Al-Ahram Hebdo : Comment voyez-vous les résultats des discussions avec le président Abdel Fattah Al-Sissi à la lumière des défis régionaux et internationaux ?
Anwar Ibrahim : L’Egypte entretient d’anciennes relations étroites avec la Malaisie, pas seulement à travers Al-Azhar, mais nous avons des relations avec l’Egypte depuis le président Gamal Abdel-Nasser qui était une personnalité nationaliste de taille et qui a beaucoup impacté les mouvements nationaux dans la région, y compris en Malaisie.
Mes entretiens avec le président Abdel Fattah Al-Sissi étaient virtuels via des visioconférences dans plusieurs rencontres. Ensuite, je l’ai vu en face-à-face plusieurs fois. Au cours de notre deuxième rencontre au Caire, nous avons abordé plusieurs sujets. Nous estimons que l’Egypte est un pays pivot au Moyen-Orient et en Afrique. Nous sommes d’accord sur un certain nombre de dossiers, parmi lesquels le développement des relations bilatérales, surtout dans l’investissement et le commerce. Nous sommes sur une meilleure longueur d’onde en ce qui concerne la cause palestinienne et le soutien humanitaire qui doit être fourni aux Palestiniens. Je saisis ici l’occasion pour exprimer mon estime au président Abdel Fattah Al-Sissi à tous les niveaux.
— Quels sont les domaines les plus marquants des relations égypto-malaisiennes ?
— Les horizons de coopération sont multiples.
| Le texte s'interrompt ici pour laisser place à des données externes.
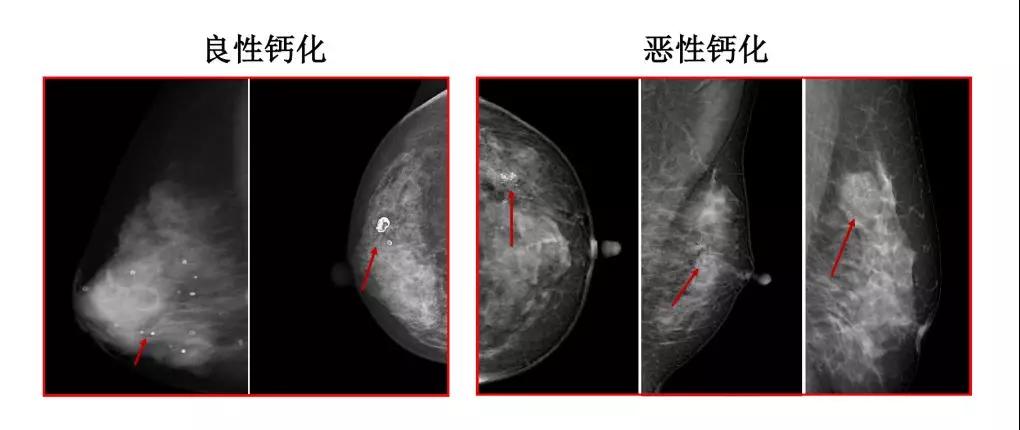 当乳腺结节遇上钙化就是癌吗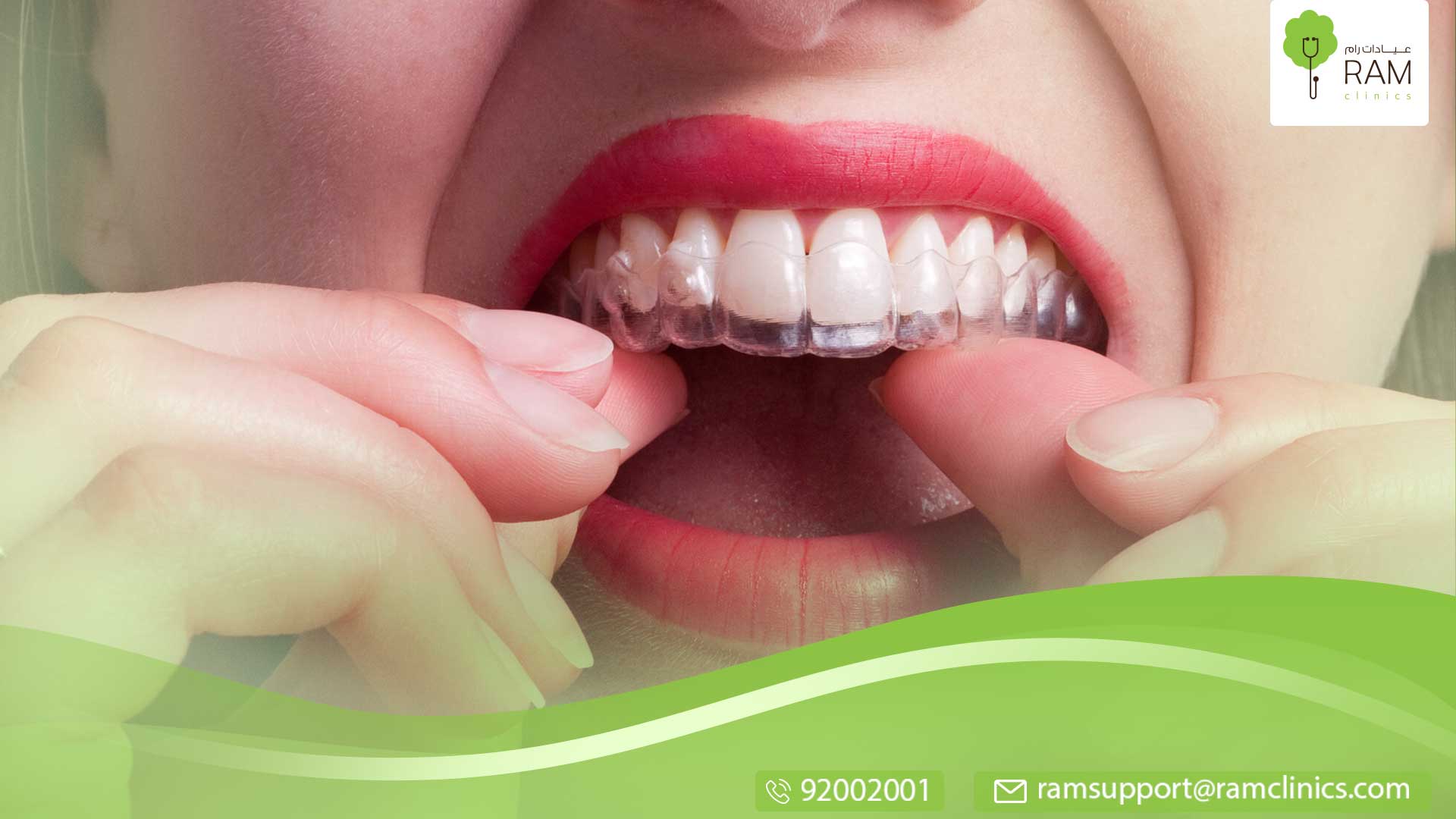 الحشوات التجميلية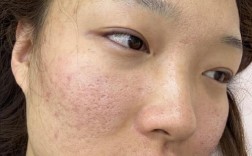 激光祛痘坑真没效果吗？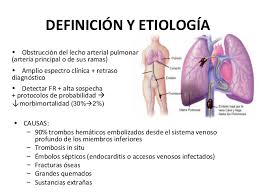 Ejemplo 3d del thromboembolism pulmonar trombosis del buque. 2018 06 07 Tromboembolia Pulmonar Ppt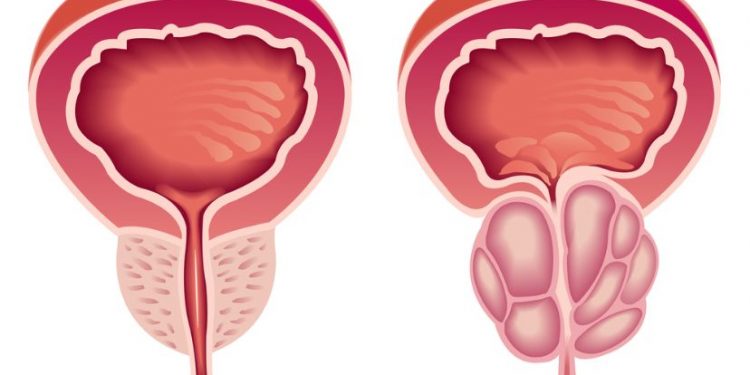 Stage 4 Prostate Cancer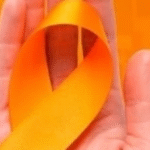 Conscientização sobre a leucemia no Fevereiro Laranja é realizada pela Santa Casa de Marília com ações de orientação aos públicos interno e externo. Saiba importância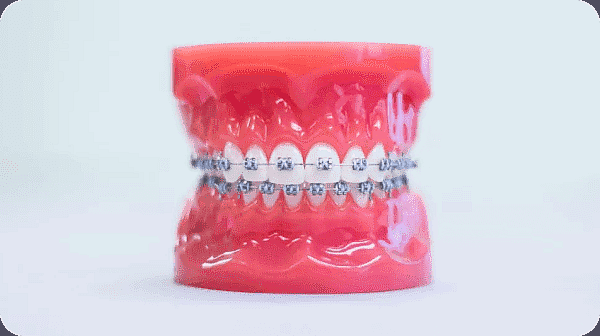 The dental model, featuring teeth adorned with metal braces, stands upright against a plain background in San Antonio, TX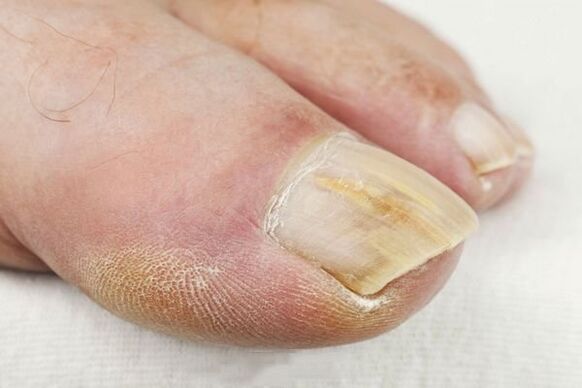 The consequences of mushroom lesions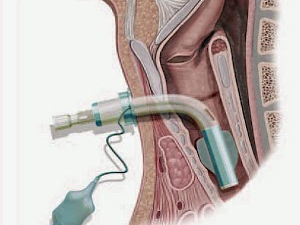 Manejo de la cánula traqueal (disfagia severa). Parte 1ª.
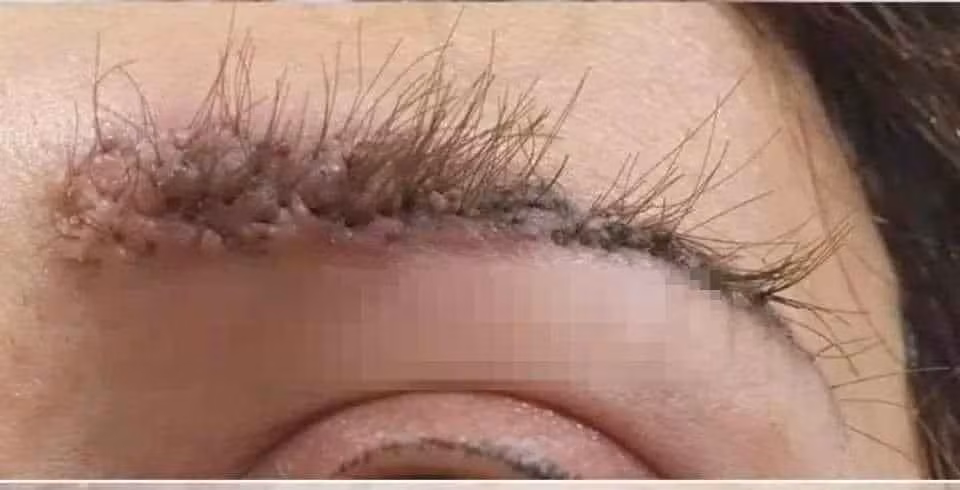 Đẹp chẳng thấy đâu khi toàn bộ khu vực xung quanh bị sưng tấy đỏ, lông mày thì cấy lởm chởm, không thành hàng lối.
Mais notre objectif à présent est de renforcer le commerce et les investissements. Nous avons établi un partenariat au niveau des entreprises qui opèrent en Egypte comme Petronas, qui est un groupe énergétique global, et Proton pour les automobiles. La Malaisie est aujourd’hui un centre pour la technologie de l’information sous toutes ses formes, et je pense que nous avons à ce niveau un espace de coopération important.
— L’Egypte a franchi des étapes importantes pour attirer les investissements étrangers directs et indirects. L’investisseur malaisien est-il sensible à ces efforts ?
— Nous travaillons pour mieux connaître les opportunités d’investissement en Egypte. Mais nous nous focalisons sur deux piliers, à savoir le gaz et le pétrole. En effet, nous avons fait quelques propositions lors de rencontres ayant réuni des hommes d’affaires et des patrons du monde du commerce et de l’industrie des deux pays. Nous avons intérêt à faciliter la coopération et l’investissement entre nous.
— La Malaisie est renommée pour sa prééminence dans l’intelligence artificielle. Quelles sont les chances de coopération avec l’Egypte et la région à cet égard ?
— Aussi bien l’Egypte que la Malaisie possèdent un potentiel énorme que nous n’exploitons malheureusement pas. Nous pouvons ouvrir de nouveaux horizons au niveau de l’intelligence artificielle pour améliorer notre performance économique et notre compétitivité. Je propose que nous formions des groupes de travail conjoints pour échanger les expériences et explorer les opportunités. Nous avons besoin de promouvoir notre coopération dans ce domaine.
— Quels sont les domaines de coopération entre l’Egypte et la Malaisie en matière d’enseignement ?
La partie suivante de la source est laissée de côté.